--- EXERCISE MATERIAL Enclosed Below ---

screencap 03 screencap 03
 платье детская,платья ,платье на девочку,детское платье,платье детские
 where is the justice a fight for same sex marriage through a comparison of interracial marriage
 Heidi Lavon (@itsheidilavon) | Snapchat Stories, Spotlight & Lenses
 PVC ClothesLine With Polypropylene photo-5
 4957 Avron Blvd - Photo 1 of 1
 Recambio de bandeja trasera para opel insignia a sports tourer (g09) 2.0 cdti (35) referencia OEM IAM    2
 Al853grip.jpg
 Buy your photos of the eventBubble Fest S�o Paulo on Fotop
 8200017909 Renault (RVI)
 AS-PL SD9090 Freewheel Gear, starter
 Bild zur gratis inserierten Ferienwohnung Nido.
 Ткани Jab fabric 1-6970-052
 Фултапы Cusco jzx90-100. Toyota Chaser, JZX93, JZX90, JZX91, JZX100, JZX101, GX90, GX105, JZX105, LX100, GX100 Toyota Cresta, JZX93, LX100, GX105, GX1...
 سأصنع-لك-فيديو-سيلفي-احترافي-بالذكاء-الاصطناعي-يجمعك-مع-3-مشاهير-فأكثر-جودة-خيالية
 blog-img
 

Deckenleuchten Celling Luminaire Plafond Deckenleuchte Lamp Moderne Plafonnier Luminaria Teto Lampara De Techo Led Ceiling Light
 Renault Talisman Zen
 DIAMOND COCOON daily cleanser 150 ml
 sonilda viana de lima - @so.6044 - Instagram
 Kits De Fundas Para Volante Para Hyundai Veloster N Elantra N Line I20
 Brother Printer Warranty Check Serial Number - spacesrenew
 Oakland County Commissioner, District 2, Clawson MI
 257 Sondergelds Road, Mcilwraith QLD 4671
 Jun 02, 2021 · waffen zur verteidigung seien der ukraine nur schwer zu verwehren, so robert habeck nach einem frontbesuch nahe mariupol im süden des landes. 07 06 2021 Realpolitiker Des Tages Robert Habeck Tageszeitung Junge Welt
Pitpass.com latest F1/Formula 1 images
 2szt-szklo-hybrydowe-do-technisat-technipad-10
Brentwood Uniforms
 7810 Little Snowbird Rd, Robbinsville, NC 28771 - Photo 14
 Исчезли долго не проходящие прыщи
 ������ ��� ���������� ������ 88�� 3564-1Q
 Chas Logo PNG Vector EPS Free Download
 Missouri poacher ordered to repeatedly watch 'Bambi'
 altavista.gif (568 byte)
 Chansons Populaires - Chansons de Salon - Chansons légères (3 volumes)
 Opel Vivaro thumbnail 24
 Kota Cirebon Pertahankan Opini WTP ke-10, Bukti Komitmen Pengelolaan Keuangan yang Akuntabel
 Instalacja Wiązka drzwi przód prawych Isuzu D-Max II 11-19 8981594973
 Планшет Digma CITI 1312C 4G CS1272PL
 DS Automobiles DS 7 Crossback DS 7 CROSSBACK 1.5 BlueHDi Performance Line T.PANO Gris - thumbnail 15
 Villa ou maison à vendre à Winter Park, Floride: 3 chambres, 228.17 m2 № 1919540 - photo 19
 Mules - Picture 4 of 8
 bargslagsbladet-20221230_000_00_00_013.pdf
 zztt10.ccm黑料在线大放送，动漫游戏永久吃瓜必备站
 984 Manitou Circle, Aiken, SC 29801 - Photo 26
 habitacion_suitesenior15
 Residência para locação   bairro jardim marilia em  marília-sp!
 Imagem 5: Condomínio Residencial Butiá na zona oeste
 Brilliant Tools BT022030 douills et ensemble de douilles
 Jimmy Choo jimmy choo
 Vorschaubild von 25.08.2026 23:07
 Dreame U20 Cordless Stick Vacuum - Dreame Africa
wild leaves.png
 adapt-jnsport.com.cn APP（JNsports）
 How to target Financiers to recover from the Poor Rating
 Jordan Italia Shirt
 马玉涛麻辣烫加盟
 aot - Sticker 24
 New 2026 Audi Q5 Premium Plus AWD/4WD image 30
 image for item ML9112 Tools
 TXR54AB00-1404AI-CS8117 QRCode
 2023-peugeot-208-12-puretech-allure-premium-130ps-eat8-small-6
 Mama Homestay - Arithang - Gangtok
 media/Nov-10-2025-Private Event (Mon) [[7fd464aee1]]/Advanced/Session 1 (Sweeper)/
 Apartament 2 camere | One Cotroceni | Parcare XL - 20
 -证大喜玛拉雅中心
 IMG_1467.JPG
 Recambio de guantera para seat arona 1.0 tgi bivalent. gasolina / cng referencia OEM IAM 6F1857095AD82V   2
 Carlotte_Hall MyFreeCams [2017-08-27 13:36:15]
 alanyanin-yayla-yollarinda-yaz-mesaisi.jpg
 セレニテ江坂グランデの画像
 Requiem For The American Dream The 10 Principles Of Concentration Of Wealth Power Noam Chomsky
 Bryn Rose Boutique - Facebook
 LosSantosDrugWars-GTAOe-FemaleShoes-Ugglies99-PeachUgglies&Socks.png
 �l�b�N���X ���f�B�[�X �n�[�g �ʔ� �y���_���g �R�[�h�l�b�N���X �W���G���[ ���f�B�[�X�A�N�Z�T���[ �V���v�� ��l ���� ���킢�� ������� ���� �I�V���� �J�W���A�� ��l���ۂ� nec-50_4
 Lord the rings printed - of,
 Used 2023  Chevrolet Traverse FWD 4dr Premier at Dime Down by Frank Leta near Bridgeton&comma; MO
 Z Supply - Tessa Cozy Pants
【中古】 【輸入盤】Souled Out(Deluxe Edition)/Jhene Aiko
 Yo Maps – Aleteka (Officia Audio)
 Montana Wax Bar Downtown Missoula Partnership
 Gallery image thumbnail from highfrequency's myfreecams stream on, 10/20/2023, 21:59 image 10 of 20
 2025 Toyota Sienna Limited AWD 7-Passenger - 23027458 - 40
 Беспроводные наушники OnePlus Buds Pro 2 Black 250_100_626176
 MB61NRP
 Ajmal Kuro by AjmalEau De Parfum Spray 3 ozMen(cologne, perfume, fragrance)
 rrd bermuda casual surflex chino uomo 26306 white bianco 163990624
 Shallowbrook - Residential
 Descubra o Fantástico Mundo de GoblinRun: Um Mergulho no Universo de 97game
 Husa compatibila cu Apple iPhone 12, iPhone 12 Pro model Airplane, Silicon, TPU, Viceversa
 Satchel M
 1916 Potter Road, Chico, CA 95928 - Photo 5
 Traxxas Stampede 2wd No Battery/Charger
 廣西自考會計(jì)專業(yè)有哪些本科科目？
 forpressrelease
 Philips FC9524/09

--- End of Enclosed EXERCISE MATERIAL ---

WHAT TO DO: Beginning at the top of the records above, transcribe each line exactly up to and including the line that holds "Планшет Digma CITI 1312C 4G CS1272PL".

YOUR SOLUTION:
screencap 03 screencap 03
 платье детская,платья ,платье на девочку,детское платье,платье детские
 where is the justice a fight for same sex marriage through a comparison of interracial marriage
 Heidi Lavon (@itsheidilavon) | Snapchat Stories, Spotlight & Lenses
 PVC ClothesLine With Polypropylene photo-5
 4957 Avron Blvd - Photo 1 of 1
 Recambio de bandeja trasera para opel insignia a sports tourer (g09) 2.0 cdti (35) referencia OEM IAM    2
 Al853grip.jpg
 Buy your photos of the eventBubble Fest S�o Paulo on Fotop
 8200017909 Renault (RVI)
 AS-PL SD9090 Freewheel Gear, starter
 Bild zur gratis inserierten Ferienwohnung Nido.
 Ткани Jab fabric 1-6970-052
 Фултапы Cusco jzx90-100. Toyota Chaser, JZX93, JZX90, JZX91, JZX100, JZX101, GX90, GX105, JZX105, LX100, GX100 Toyota Cresta, JZX93, LX100, GX105, GX1...
 سأصنع-لك-فيديو-سيلفي-احترافي-بالذكاء-الاصطناعي-يجمعك-مع-3-مشاهير-فأكثر-جودة-خيالية
 blog-img
 

Deckenleuchten Celling Luminaire Plafond Deckenleuchte Lamp Moderne Plafonnier Luminaria Teto Lampara De Techo Led Ceiling Light
 Renault Talisman Zen
 DIAMOND COCOON daily cleanser 150 ml
 sonilda viana de lima - @so.6044 - Instagram
 Kits De Fundas Para Volante Para Hyundai Veloster N Elantra N Line I20
 Brother Printer Warranty Check Serial Number - spacesrenew
 Oakland County Commissioner, District 2, Clawson MI
 257 Sondergelds Road, Mcilwraith QLD 4671
 Jun 02, 2021 · waffen zur verteidigung seien der ukraine nur schwer zu verwehren, so robert habeck nach einem frontbesuch nahe mariupol im süden des landes. 07 06 2021 Realpolitiker Des Tages Robert Habeck Tageszeitung Junge Welt
Pitpass.com latest F1/Formula 1 images
 2szt-szklo-hybrydowe-do-technisat-technipad-10
Brentwood Uniforms
 7810 Little Snowbird Rd, Robbinsville, NC 28771 - Photo 14
 Исчезли долго не проходящие прыщи
 ������ ��� ���������� ������ 88�� 3564-1Q
 Chas Logo PNG Vector EPS Free Download
 Missouri poacher ordered to repeatedly watch 'Bambi'
 altavista.gif (568 byte)
 Chansons Populaires - Chansons de Salon - Chansons légères (3 volumes)
 Opel Vivaro thumbnail 24
 Kota Cirebon Pertahankan Opini WTP ke-10, Bukti Komitmen Pengelolaan Keuangan yang Akuntabel
 Instalacja Wiązka drzwi przód prawych Isuzu D-Max II 11-19 8981594973
 Планшет Digma CITI 1312C 4G CS1272PL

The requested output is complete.